Toplumlar ve kültürler kendilerini sözle ve yazıyla ifade ederler. İçerisinde bulundukları/Yaşadıkları toplumun, kültür, örf ve adetlerini, ahlaki kurallarını hayatlarına aktarırlar. Bu doğrultuda bulundukları toplumun insanlarına faydalı olma konusunda ellerinden gelen çabayı gösterirler.
Ancak gerek dünya toplumlarının, gerekse içerisinde bulunduğumuz Türkiye toplumunun da yaşamış olduğu ve kendilerini benzersiz olarak kaptırdıkları, içerisine daldıkları hayal dünyasından kurtulamadıkları bir sosyal medya hastalığı mevcuttur. Bu sosyal medya hastalığı derinden derine, inceden inceye toplumumuzun her kesimine sirayet etmiş, bireyinden kurumuna, siyasetçisinden, sanatçısına kadar etkisi altına almıştır.
Bilgi sahibi olmadan kanaat sahibi olan, gerçek bilgiye ulaşma konusunda çaba harcamayan toplumumuz, kendini sosyal medyada ispatlama konusunda birbirleri ile yarışmakta, mücadele etmektedir. Twiter, Facebook ve diğer sosyal medyada paylaşılan sözler ve resimler, slogandan ve sembolden öteye geçememektedir.
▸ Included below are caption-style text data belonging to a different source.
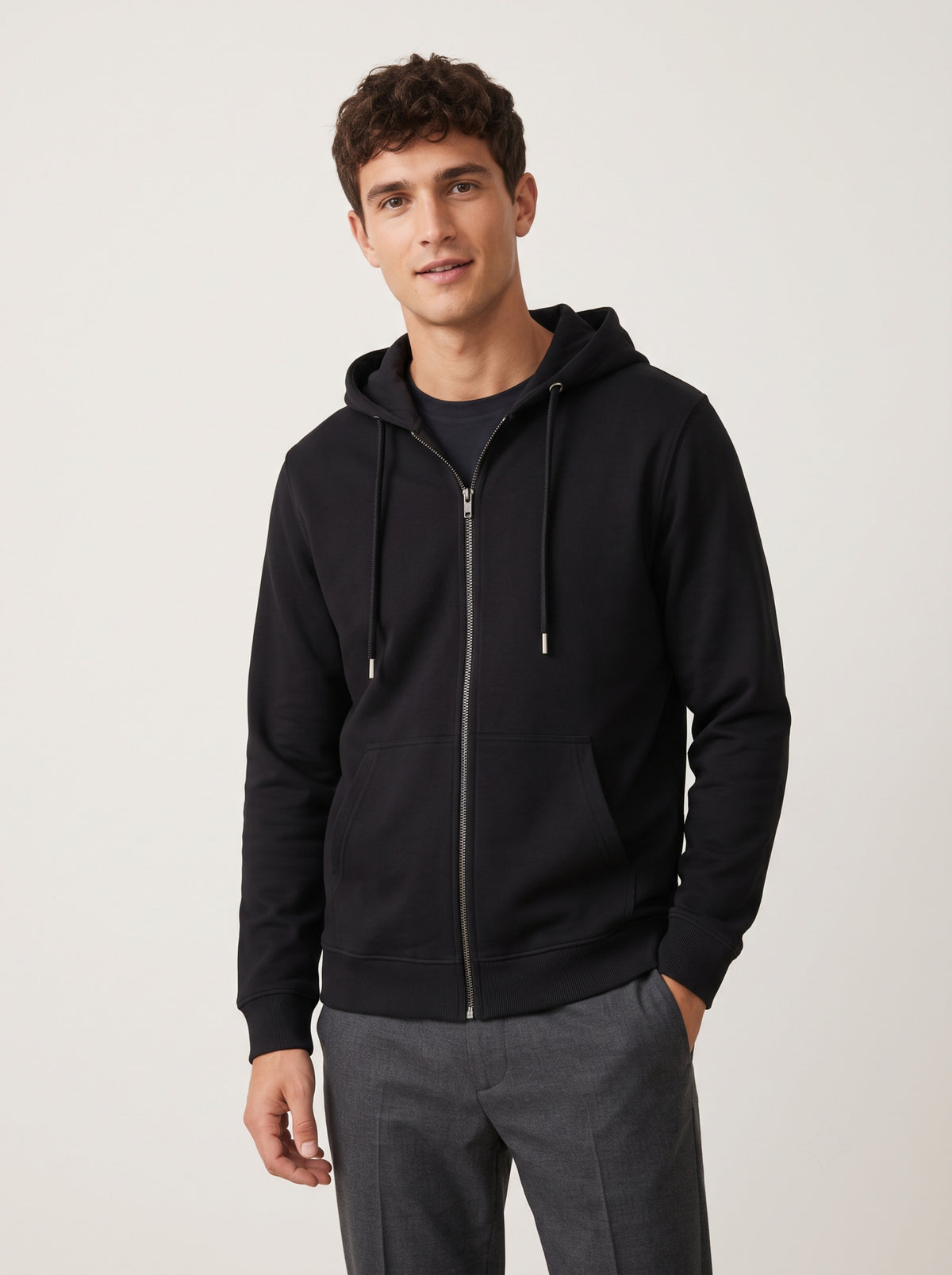 Black - zip through hoodie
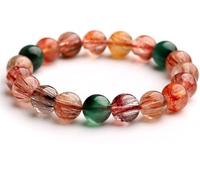 LMMSHA Feng Shui Bracelet,Feng Shui Wealth Crystal Bracelet Gold Rutilated Quartz Color Rutilated Quartz Bracelet Attract Wealth Talisman for Prosperity Money Good Luck(8MM)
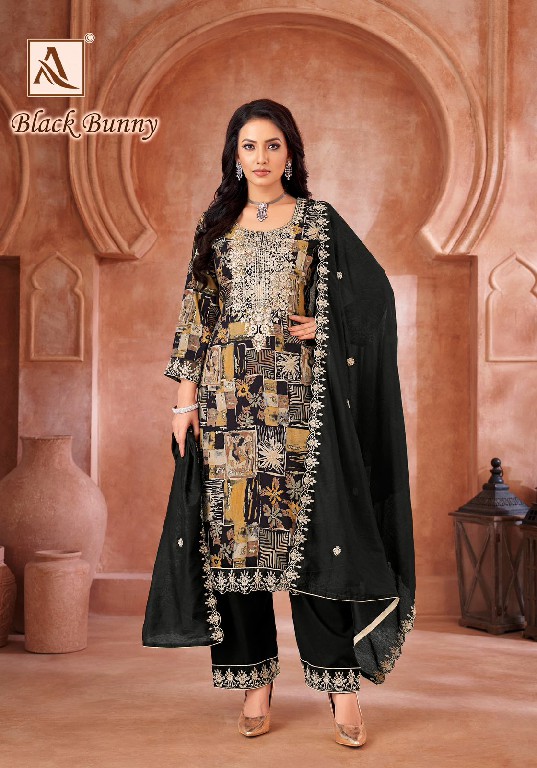 Alok Black Bunny Wholesale Viscose Reyon With Fancy Embroidery Dress Material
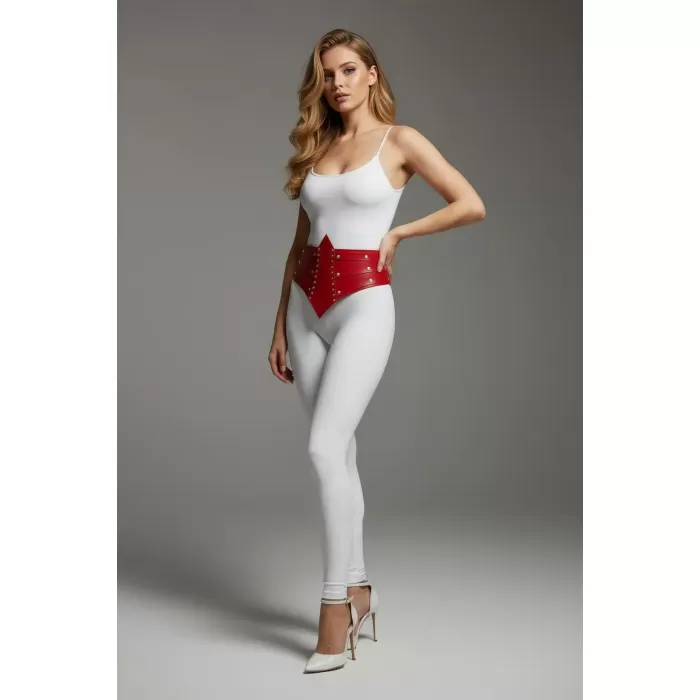 Kırmızı Kadın Kemer Kalın Korse Detaylı Zımbalı - APFT905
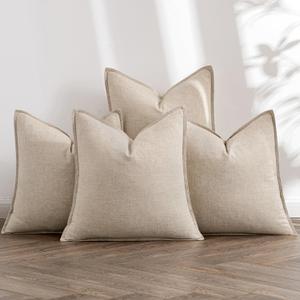 MIULEE Beige Linen Pillow Covers Pack of 4 Decorative Natural Solid Throw Pillow Covers Soft Accent Boho Farmhouse Couch Pillowcases Modern Spring Home Decors for Living Room Bed Sofa 24x24 Inch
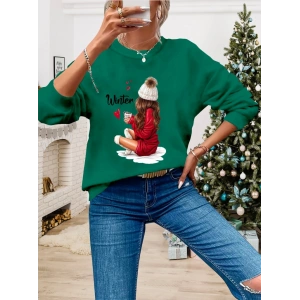 Kadın Yılbaşı özel Uzun Kollu Bisiklet Yaka Desenli Viskon Iki Iplik Bluz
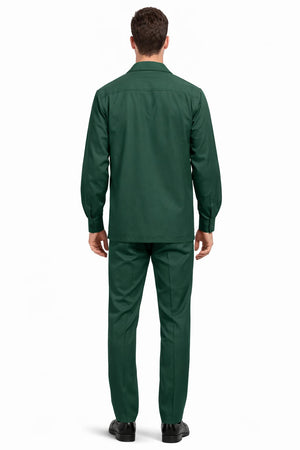 Mens Luxury Hunter Green Wool Two-Piece Leisure Walking Suit - Image 2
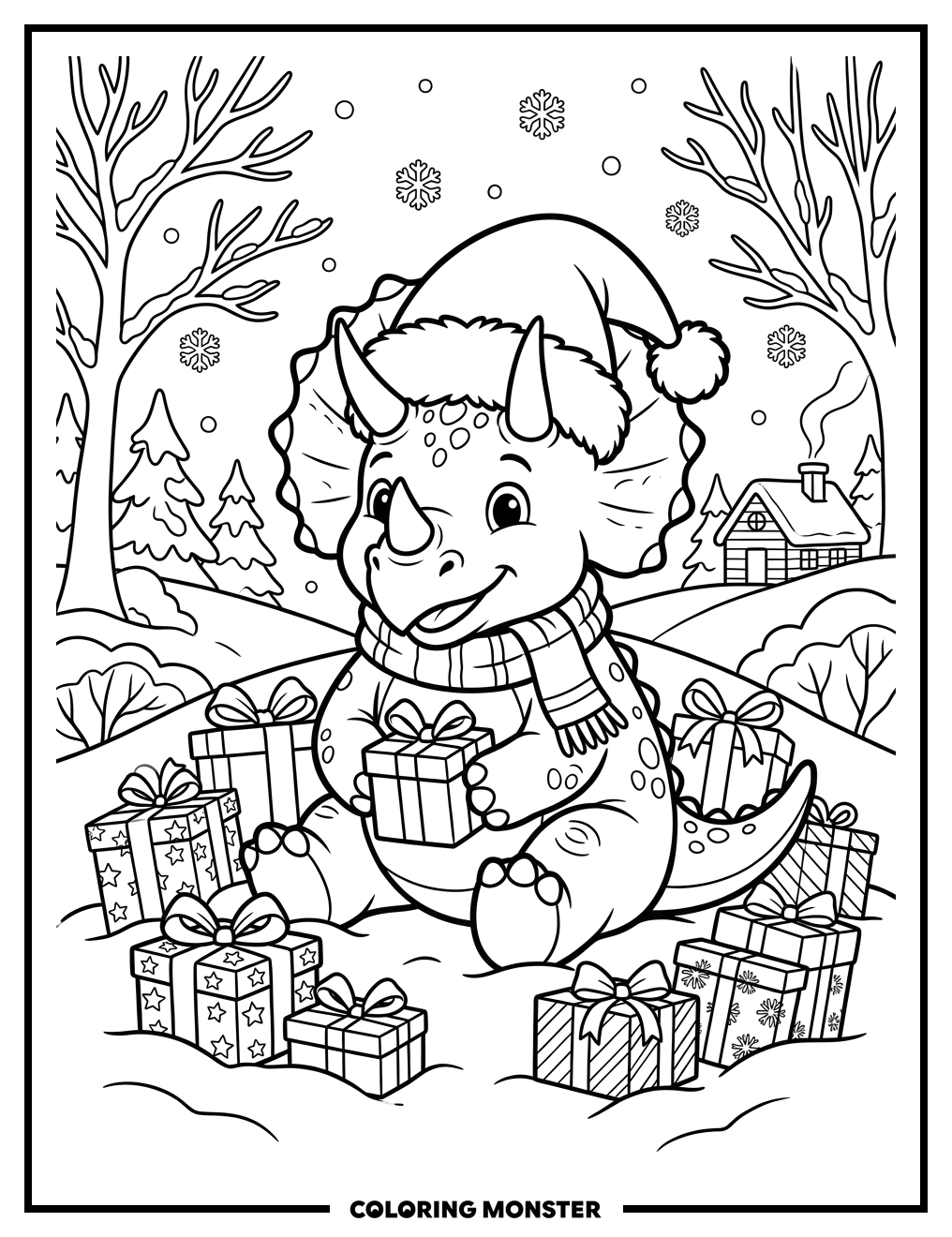 Triceratops with Santa Hat and Presents Coloring Page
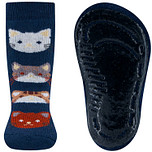 Antislipsokken Ewers Kindermaat - Donkerblauw met Poezen Hoofden Grijs & Bruin & Roodbruin - Siliconenzool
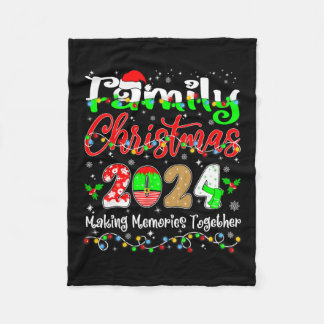 マッチングファミリークリスマス2024 Santa Hat Lights Xm フリースブランケット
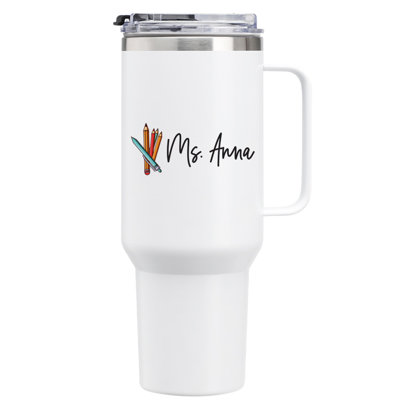 Custom 40 Oz Tumbler With Handle, Pen & Pencil Design, Name Text, Teacher Appreciation Gift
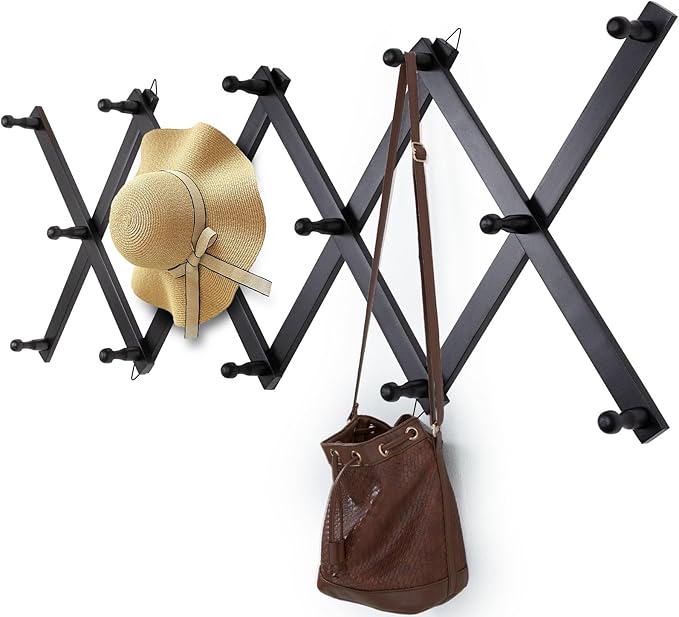 SCUNDA Wall Rack with 14 Hooks, Wooden Wall Expandable Coat Rack for Coat, Hats, Baseball Caps, Coffee Mug, Jewelry(Black)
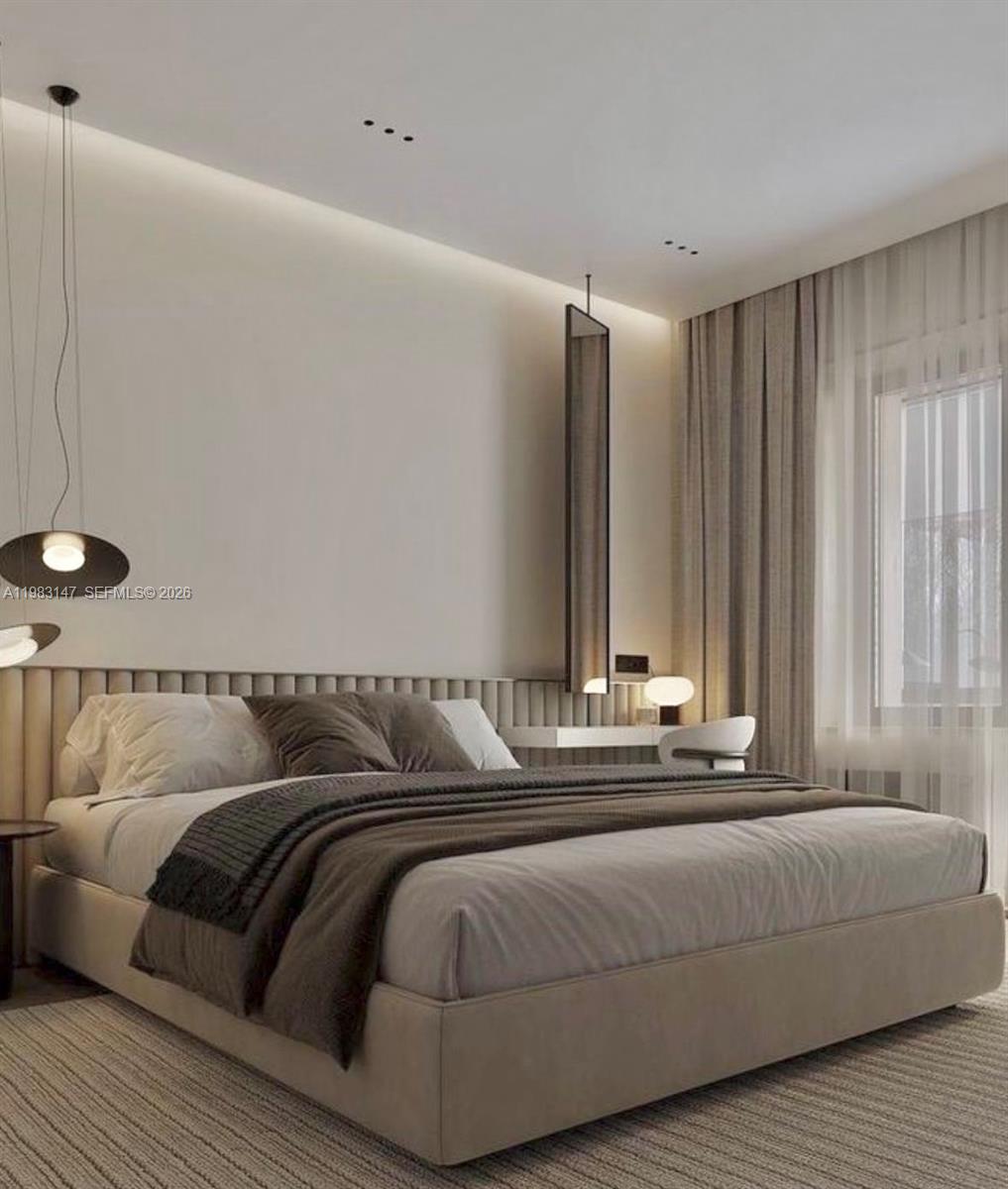 This is a rendering of a modern bedroom featuring a neutral color palette and upholstered headboard — 850 NW 18th Ave, Pompano Beach FL 33069, POMPANO BEACH, FL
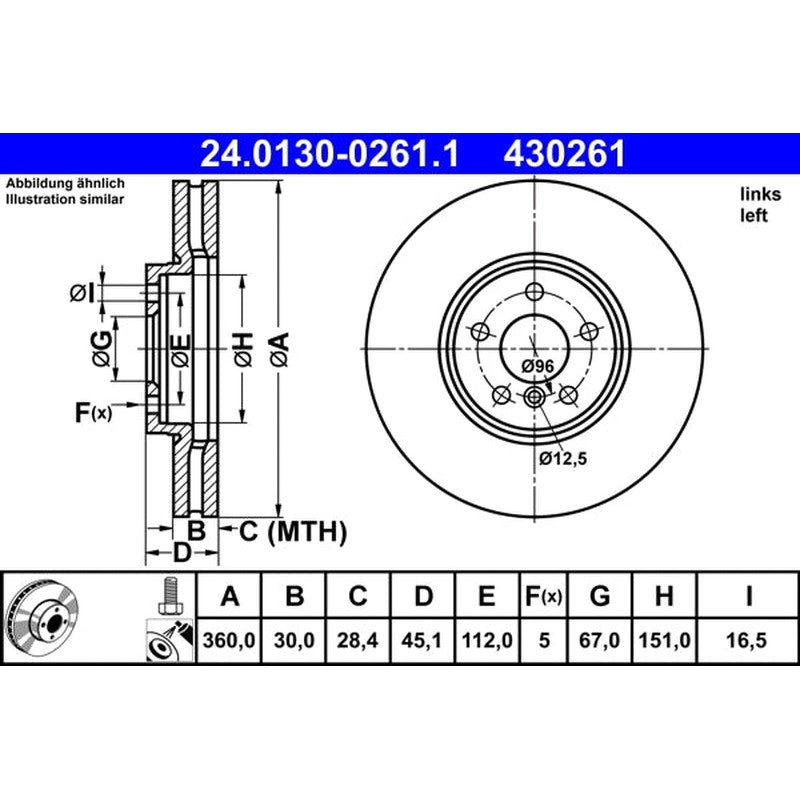Disc frana ATE 24.0130-0261.1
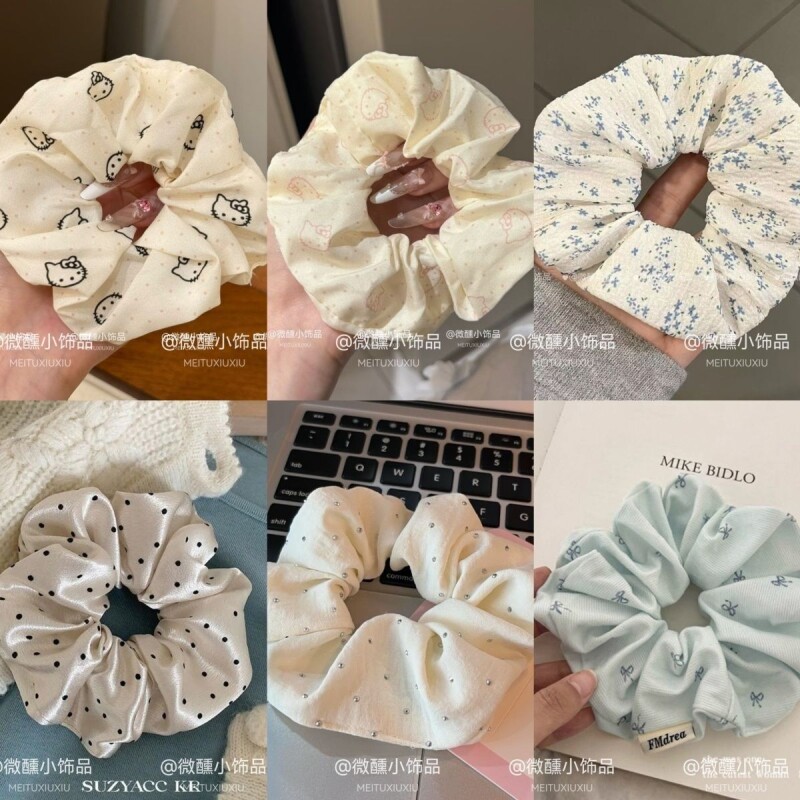 新款韩系甜美发圈可爱马尾气质大肠头绳设计少女发饰发绳波点kt猫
Vatan, millet, bayrak ve milli duyguların yansıması olarak paylaşılan semboller ve sloganlar gerçek yaşamda kendisini gösterememektedir. Bununla birlikte, gençlerin küfürlü sözler ve müstehcen görüntüler eşliğinde kendilerini görünür kılmak /dikkat çekmek arzusu vahim durumdur. Sosyal medyada, daha çok beğeni almak, daha çok görüntülenmeyi istemek, hep gündemde kalmak isteği ancak sosyal vakıa/hastalık olarak nitelendirilebilir.
Yüce Rabbimiz Kur’an-ı Keriminde Hümeze süresi birinci ayetinde: ‘’İnsanları arkalarından çekiştirip ayıplayanların, aşağılayanların, gizli açık dillerine dolayanların, kaş-göz hareketleriyle alay edenlerin vay haline! ’buyurarak bizleri şiddetle uyarmakta/ikaz etmektedir.
Hangi zamanda ve çağda olursak olalım hayatımızı Kur’an merkezli yaşayarak yüce yaratıcımızın ayetlerine kulak vermemiz gerekmektedir.